Task instructions:
From the line containing "Chaise longue contemporaine" down to the line containing "Baked green bean", copy out the entries below exactly, both lines included, and nothing else; pictures do not belong in the copy.

Data records:
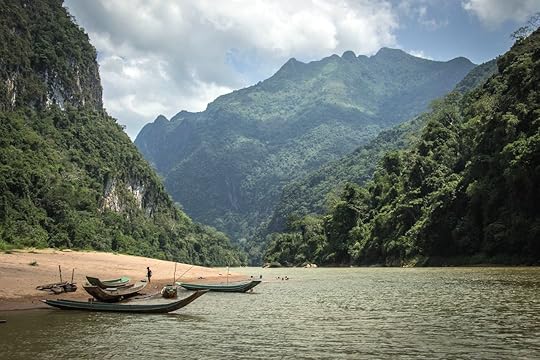 Beach in Laos with canoes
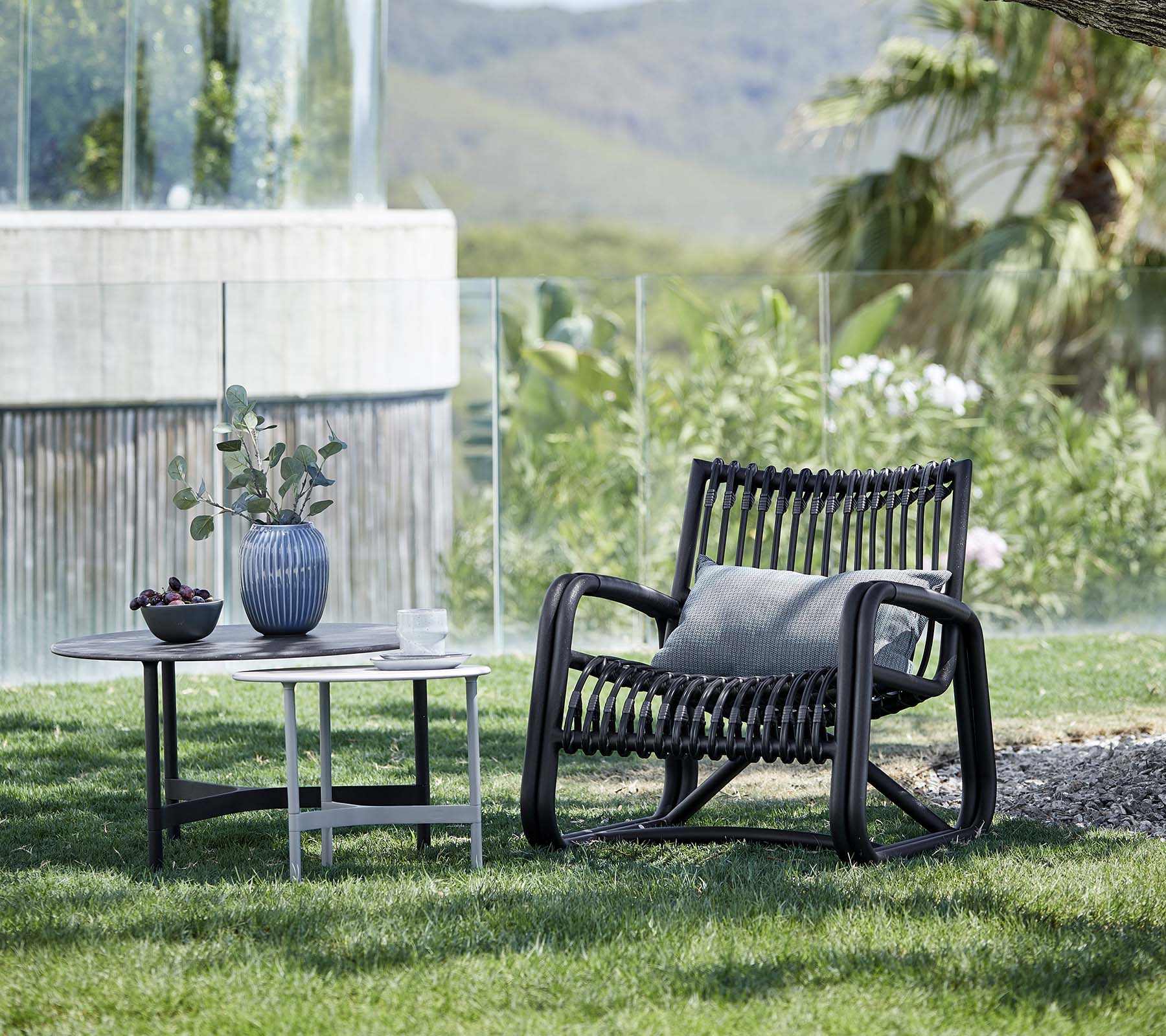 Chaise longue contemporaine avec un design à motifs, accompagnée d'une table d'appoint portant un vase et une plante en pot, placée dans un paysage naturel.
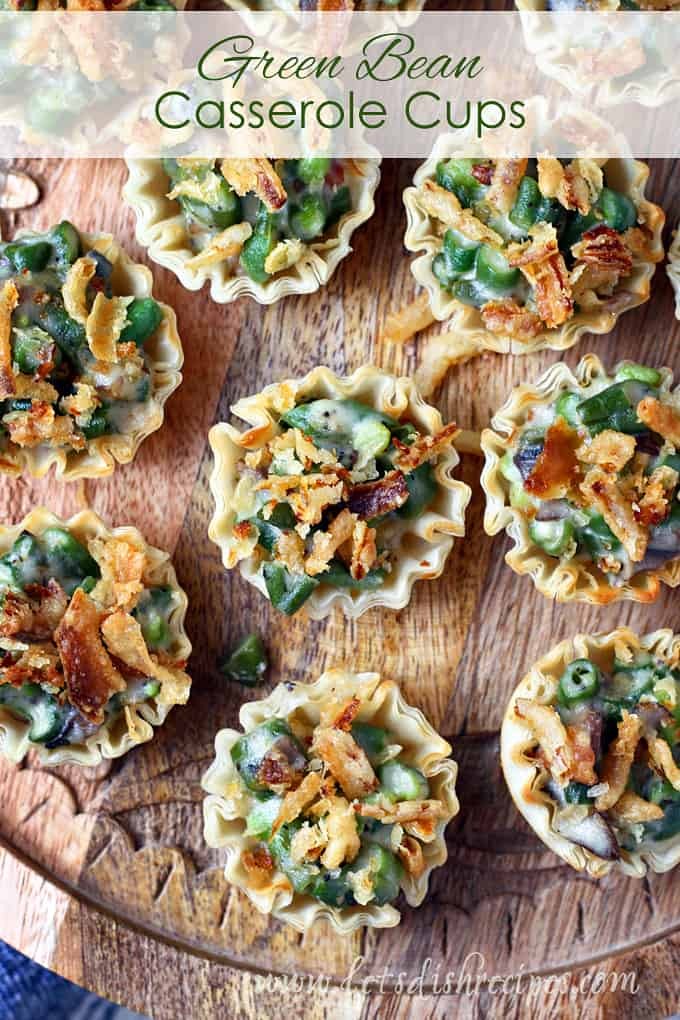 Baked green bean casserole cups on a serving platter, cozy Thanksgiving table setting with autumn leaves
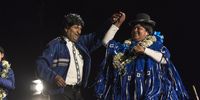 Evo Morales, Bolivia's president, left, dances on stage during a campaign rally in El Alto, Bolivia, on Wednesday, Oct. 16, 2019. Morales is facing his toughest re-election campaign yet ahead of a first round Oct. 20 vote. Photographer: Marcelo Perez del Carpio/Bloomberg via Getty Images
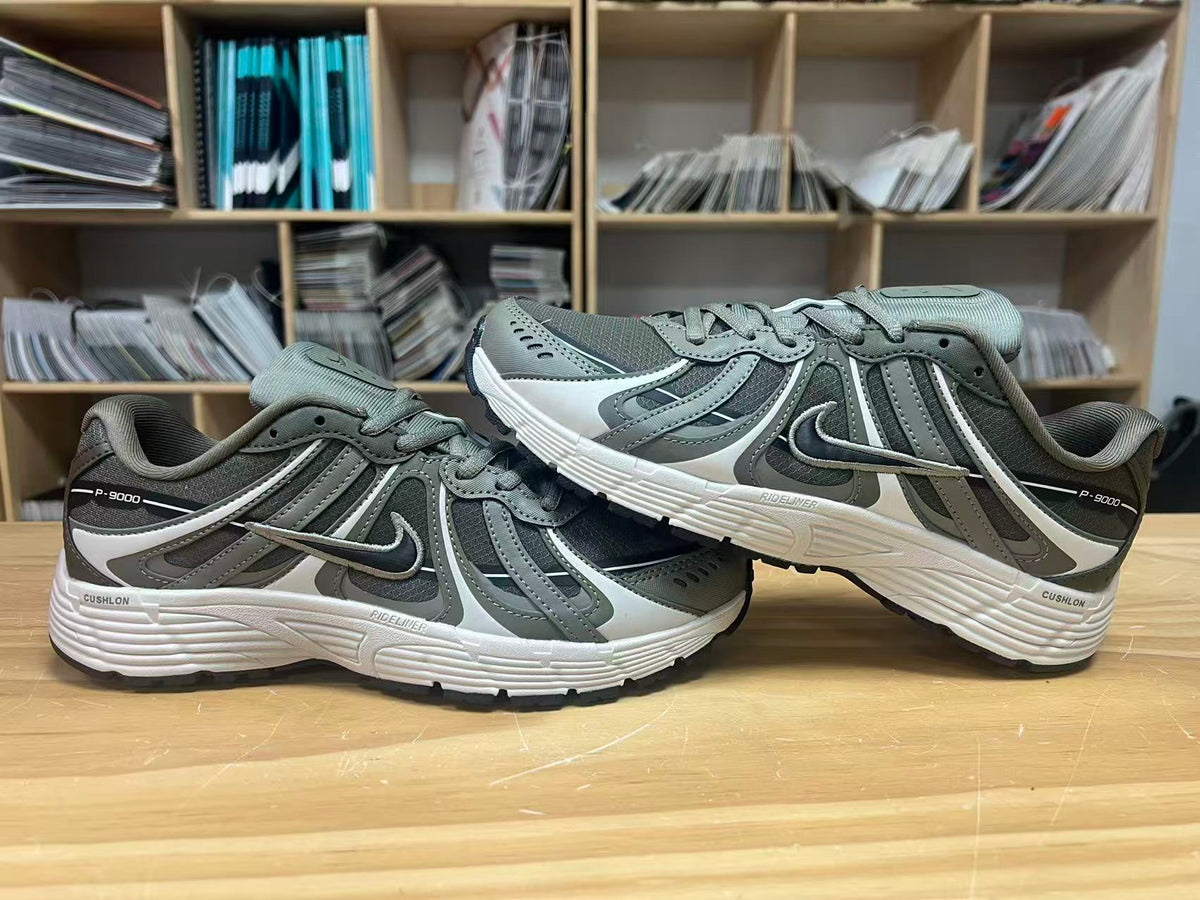 Nike P-9000 Trainers in Charcoal and Grey, IZ4752-300 - product image from the listing.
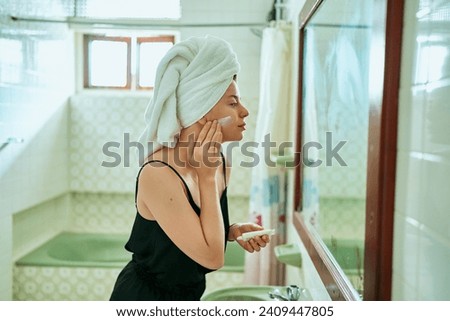 Woman in a vintage bathroom applies sunscreen to her face for skin protection. Towel-wrapped hair, retro tiles, skincare routine, mirror reflection capture the essence of daily beauty regimen. Royalty-Free Stock Photo #2409447805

Written answer:
 Chaise longue contemporaine avec un design à motifs, accompagnée d'une table d'appoint portant un vase et une plante en pot, placée dans un paysage naturel.
 Baked green bean casserole cups on a serving platter, cozy Thanksgiving table setting with autumn leaves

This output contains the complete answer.